It was really all about sex—or, more precisely, the prospect of having sex once he got to college. A friend and his son were visiting USC, their third campus in three days, when the kid’s criteria for choosing a school became clear. He had specified “big, out west, and preferably warm,” while his father had pushed for “highly ranked.” Watching his son gaze at the backwards-walking student guide, he whispered, “The girls here are pretty good-looking.” The 18-year-old didn’t take his eyes off the aspiring actress and replied, “Yeah, but they don’t smile as much as they do at ASU.” He matriculated at Arizona State.
He dropped out less than two years later. His social life was terrific, but the school wasn’t a great fit for other reasons. Leaving college or transferring isn’t the exception but the norm: fully 41 percent of students who start at a four-year college don’t graduate from that school within six years. The dropout rate for community college students exceeds 71 percent.
I recently shared the story of my friend’s son—and these statistics—with neighbors. They had just returned from a 12-school college tour and were in the throes of college-admissions madness. The parents (even more than their high school senior son) were eager to share their impressions of the various schools: too liberal, not liberal enough, jockey, druggie. And they wanted to learn any “tricks” that might enhance the kid’s chances of an Ivy League admission.
It wasn’t long before they began rattling off various colleges’ rankings. Both U.S. News and the Wall Street Journal had recently released their annual lists, on which a college’s ranking is almost as important as the prospect of a good education or the availability of scholarship money. This priority wasn’t irrational: with the cost of private college tuition exceeding $250,000, and the price of many state universities topping $100,000, focusing on a college’s ranking is a reasonable proxy for brand awareness. And that prestige—or just name recognition, in the case of lower-ranked schools—is a factor in helping graduates get higher-paying jobs.
Acknowledging this major expense, both U.S. News and the Journal have changed the criteria that determine ranking. They now place greater emphasis on “outcomes” (salaries after graduation) than on inputs (such as selectivity in admission). To their credit, they allow users (for a fee) to weight the various criteria by importance, generating their own customized rankings.
Unfortunately, the data collected about most colleges still miss the boat, at least in terms of helping kids and their parents make better choices. Major media outlets deliver remarkably similar rankings. The top 10 schools on each list are 80 percent identical. Expand the U.S. News list to the top 14 schools, and all 10 of the WSJ schools appear. Even fewer differences exist between top 50 lists.
I’d prefer to know which schools do better at preparing students for real-world challenges. Are they acquiring skills and information that will increase their chances of becoming productive, thoughtful, responsible citizens? Specifically, I’d like someone to assess and rank colleges on four additional criteria:
Grade inflation. What’s the grade distribution at the college? Too many recent graduates actually believe that the high grades they got in college reflect high-quality work. Grade inflation is not just a problem at elite institutions, but across many colleges. In 1969, only 7 percent of grades awarded were above A-; in 2013, that figure was 41 percent.
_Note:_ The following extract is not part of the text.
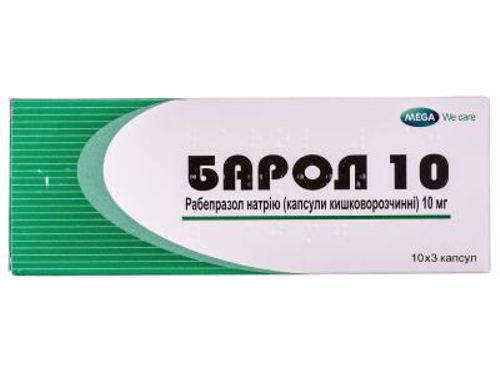 Ціни на Барол 10 капс. 10 мг №30 (10х3)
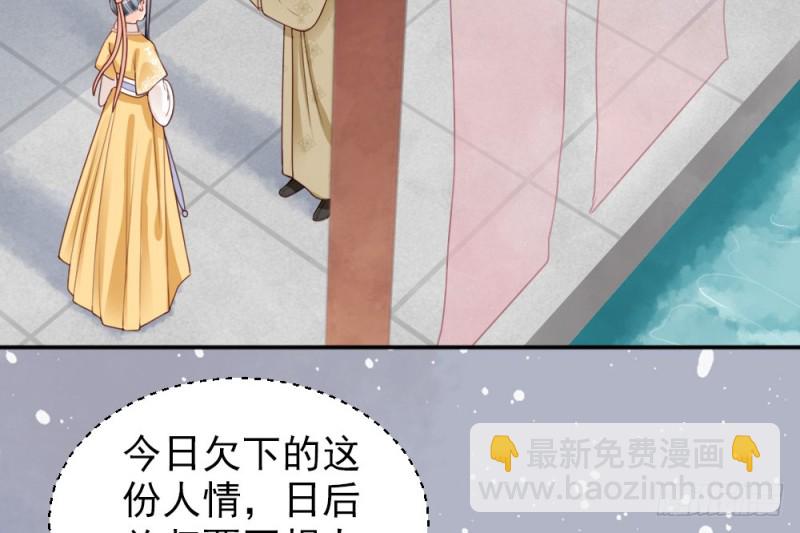 第二百二十话(1/2)-第228话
Four-year graduation rate. In computing its rankings, U.S. News uses the percentage of students per class who graduate in six years. Taking that long to finish adds significant cost, and there are lots of reasons why students need more time. For some, it’s cost; for others, it’s bureaucracy. (Changing majors can mean taking new prerequisites; and more than 70 percent of all undergraduates change their initial majors.) Families deserve realistic transparency.
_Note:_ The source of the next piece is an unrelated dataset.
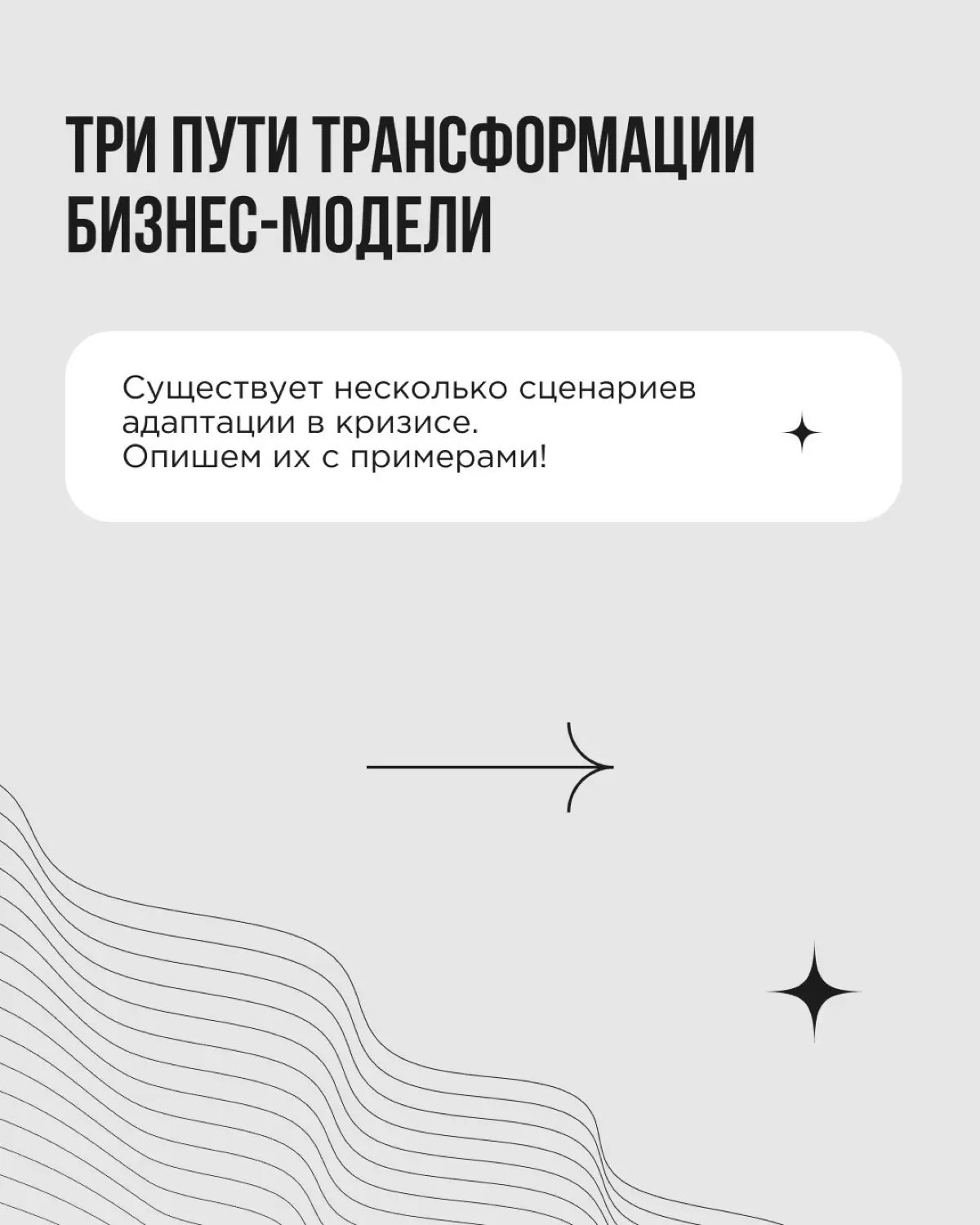 Как быть, если внутренний чек показал тревожные звоночки: прибыль падает, а финансовая устойчивость под вопросом
Продолжаем наш мини-сериал «что делать бизнесу в начале 2026» | Сетка — социальная сеть от hh.ru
Diversity and service. Media rankings typically make an effort to identify racial and economic diversity on campus, but no one even pretends to address political and intellectual diversity. One appropriate metric would be how many students are veterans and how many graduates go on to serve in the military or in the Peace Corps.
Student indulgence. How easy is it to satisfy a school’s distribution requirements? I spent the first half of my undergraduate career at the U.S. Naval Academy, which indulged student whims hardly at all. My second half was spent at Brown, which had no distribution requirements but noticeably higher academic expectations. I valued both enormously, but which indulges students more? And which better prepares graduates for life in the real world?
Too many students—including the sex-starved kid who went west—base their college choices on frivolities and amenities. Which are the best party schools, or which colleges with the fewest “dodgeball victims”—yes, there is such a listing—are often more easily researched than whether there is a foreign language or math requirement for graduation. Sadly, parents are not much more discerning. They push their children toward schools a few slots higher in the rankings. Many more students, and their families, would make better college choices if rankings included categories that captured schools’ real differences from one another, and how much preparation for the real world students can expect.